FDI in multi-brand retail: States could be the deciding factor

The food and grocery vertical can attract a larger share of the likely FDI inflows

November 29, 2011 10:27 pm | Updated November 16, 2021 11:55 pm IST - MUMBAI:

State governments will have a big say in whether the international retail giants are able to set up shop or not through the foreign direct investment (FDI) route and even when they do, it will take 5-10 years for the largest players to put up even a dozen stores particularly in the Cash & Carry segment.

CII National Retail Committee Chairman and Aditya Birla Retail CEO Thomas Verghese said potential entrants into the retail sector required 35 licences to set up a super market and 43 licences to set up a hyper market, all granted by the States. “To date, 11 States are potentially opposing FDI in retail, so clearly, we will look at the progressive State governments and even if there are a few States that are in favour, international players will come in.''

Reacting to fears that smaller shop owners will lose livelihood with the entry of the multinationals, Mr.
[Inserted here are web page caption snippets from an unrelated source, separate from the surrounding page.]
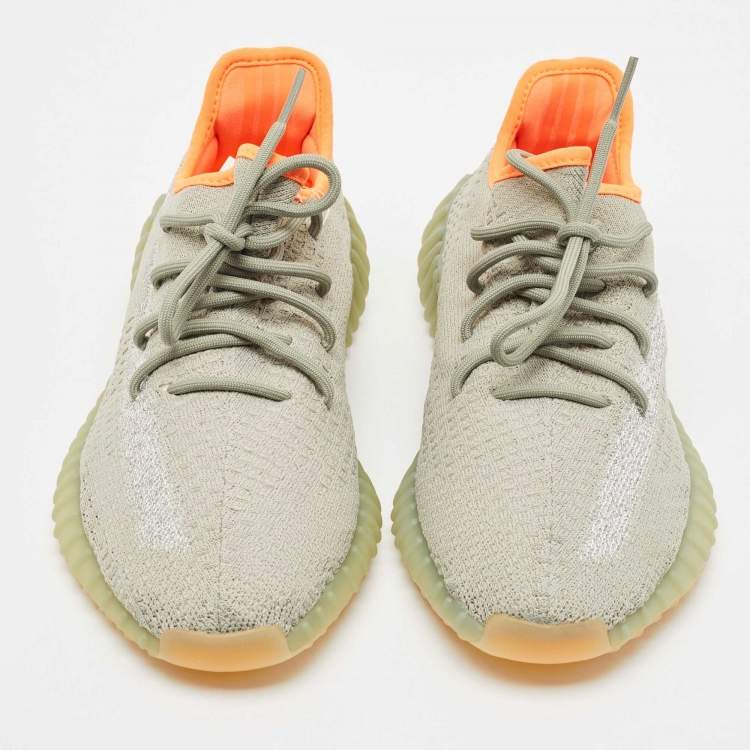 Pre Owned Yeezy x Adidas Green Knit Fabric Boost 350 V2 Desert Sage Sneakers Size 42 2/3
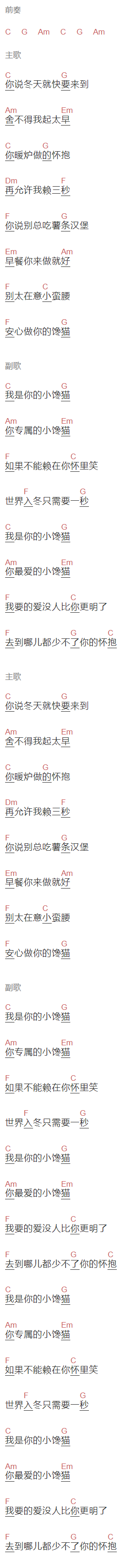袁鑫怡《小馋猫》吉他谱C调和弦谱(txt)1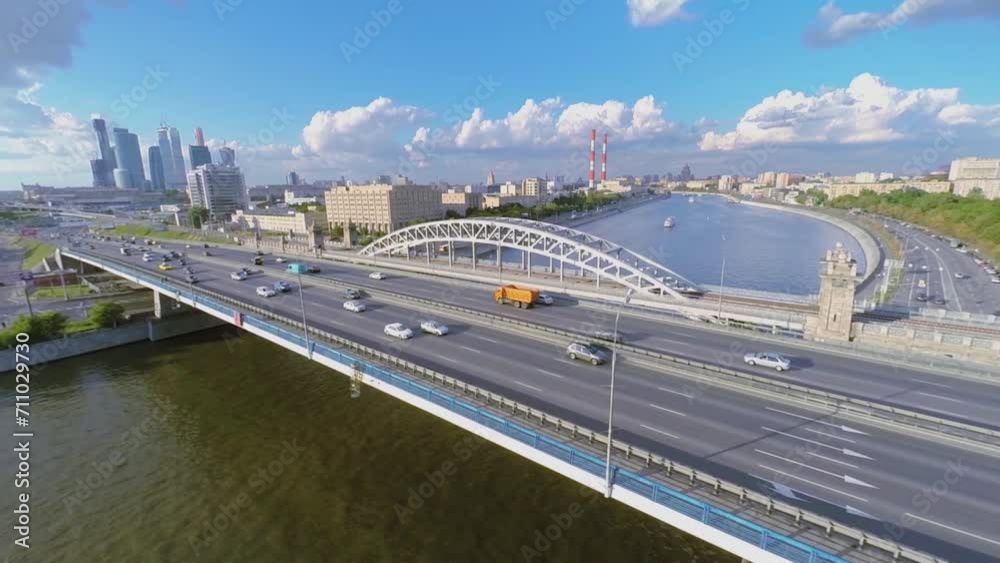Transport traffic on Berezhkovsky bridge at summer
Verghese said, “Over the last five years, modern retail's proportion in the total Indian retail sector has grown from 2 to 7 per cent, growing at 24 per cent annually. Over the same period though, smaller ‘kirana' shops have grown at 10-14 per cent. The larger kirana shops closing down has less to do with the entry of modern retail but more to do with the younger generation owners choosing not to remain in the business.''

Crisil estimates

Rating agency Crisil estimates FDI inflow of $2.5-3 billion over the next five years in multi-brand retail. The food and grocery (F&G) vertical could attract a larger share of the likely FDI inflows. The clause specifying 50 per cent investment in back-end infrastructure especially aligns with the commercial requirement in the F&G segment. F&G accounts for two-thirds of Indian retail sales, but has organised retail sales of only around 2 per cent. “To improve profitability in the F&G segment, retailers need to control their supply chain costs and build scale,'' said Ajay D'Souza, Head, Crisil Research. “Every percentage point reduction in supply chain cost and resultant gain in operating margin can improve equity internal rate of return of an F&G store by 250-300 basis points. Foreign retailers, with their access to capital and technology, are well placed to leverage this opportunity.'' The retail sector requires heavy investment and despite FDI being permitted in back-end infrastructure ten years ago, no significant player came in. Indian firms have built back-end infrastructure but do not have the wherewithal to expand. Foreign players will not come here if the front-end is not allowed and need assurance that presence in the whole chain would be allowed.

“The aggressive growth plans of leading Indian retailers, which are under pressure due to increasing debt stock and moderation in customer footfalls in the current year, will get a strong boost from the availability of capital. However, for smaller and regional retailers, the scale of operations and control over costs will determine their ability to weather pressures of aggressive expansions by large retailers,'' said Anuj Sethi, Head, Crisil Ratings.

The FDI proposal offers good prospects for large established Indian retailers. FDI would enable these players to attract capital for driving their expansion plans and in addition, benefit from scale, cost efficiencies and technology brought in by foreign retailers. The FDI proposal is likely to catalyse joint ventures between Indian and foreign organised retailers. Depending on whether they buy into existing retail chains or set up new joint ventures, the share of foreign retailers in multi-brand organised retail will remain moderate.